The third, which I believe can be taught but am also aware that I have a natural inclination this way, is to be comfortable with uncertainty. I've never felt I had answers or know what would happen if or what I will do when... I've never had any illusions that I was ready. That is a huge advantage because I don't have emotional attachment to a plan and can walk away the second it ceases to apply. I deal with how the threat attacks and not how he is supposed to attack. THIS ONE IS CRITICAL: If something happens that I don't believe is possible I deal with it as it is before I try to fix my mental map!!! The reason nonsequitors work in de-escalation, the reason that karate and jujutsu were so successful in the early years and the Gracie stuff later is that people would stop fighting to figure out what was happening. Fight first, re-write your reality map later.

I'll talk about emotional trauma later, but... one example.

1 comment:

Anonymous said...

"If something happens that I don't believe is possible I deal with it as it is before I try to fix my mental map!!!"

I think this speaks to my biggest problem, which is that all too often I encounter situations that I'm not prepared for, or that are too complex for a moment's mental processing, or something, and I always freeze up.

I don't have much of any contact with actual physical violence, but I'm mining your writings for application in "ordinary" life because I have so many encounters that contain violence in one form or another.

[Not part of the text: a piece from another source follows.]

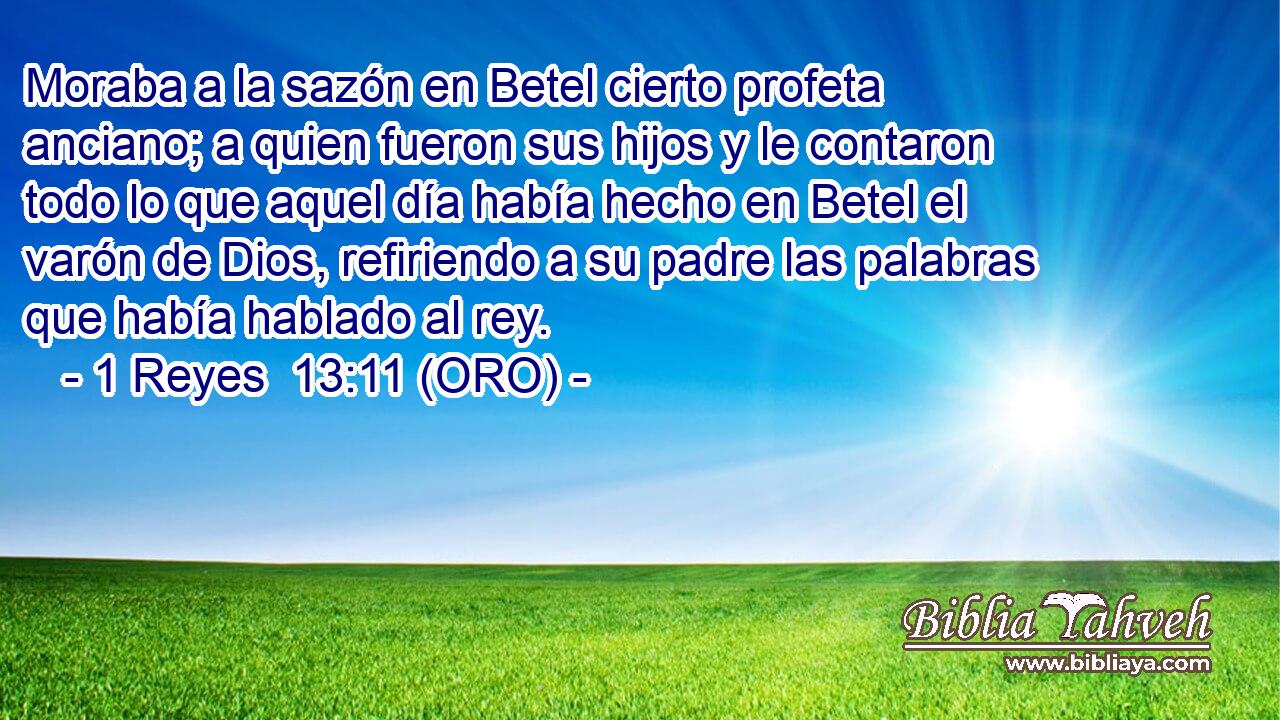  Moraba a la sazón en Betel cierto profeta anciano; a quien fueron sus hijos y le contaron todo lo que aquel día había hecho en Betel el varón de Dios, refiriendo a su padre las palabras que había hablado al rey.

Maybe not physical violence, but violence nonetheless. And I find that, for whatever reason, it's often very difficult to be flexible in choosing my frame of reference.

It seems to me that through your experience and training you've developed a deeply internal locus of control which allows you to maintain a sense of stability even when you don't know what external frame of reference to adopt. That's a rare level of self-trust to achieve. I guess only experience will pave that road for me.

Anyway, thanks for this. A lot to chew on.